Performance Considerations:
For best performance, the following parameter settings are recommended:
Align all pointers to 8 byte boundaries
Set all matrix dimensions to a multiple of
64 for 8-bit data
32 for 16-bit data
◆ MMALIB_CNN_fullyConnectedBias_ixX_ixX_oxX_exec_checkParams()
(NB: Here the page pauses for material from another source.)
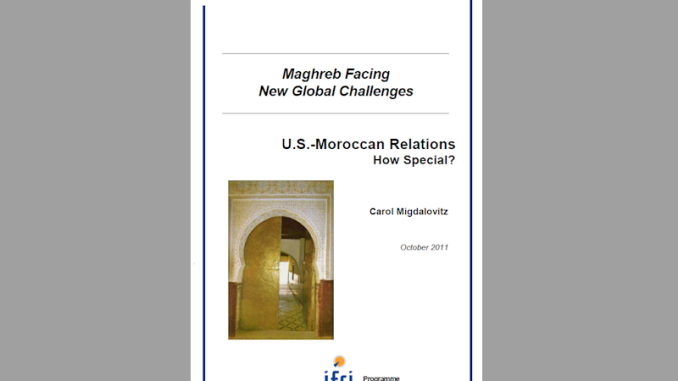 illustration de la relation diplomatique entre le Maroc et les États-Unis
MMALIB_STATUS MMALIB_CNN_fullyConnectedBias_ixX_ixX_oxX_exec_checkParams
(
MMALIB_kernelHandle
handle ,
const void *
src0 ,
const void *
src1 ,
const void *
src2 ,
const void *
dst
)
This function checks the parameters and should be called before kernel executuon. It can be called once.
Parameters
[in] handle : Active handle to the kernel
[in] src0[] : Pointer to buffer holding the first matrix input [ A matrix], which is the feature map
[in] src1[] : Pointer to buffer holding the second matrix input [ B matrix], which is the pre-processed parameter matrix
[in] src2[] : Pointer to buffer holding the bias vector
[out] dst[] : Pointer to buffer holding the output matrix [ C matrix]
Returns Status value indicating success or failure. Refer to MMALIB_STATUS .
◆ MMALIB_CNN_fullyConnectedBias_ixX_ixX_oxX_perfEst()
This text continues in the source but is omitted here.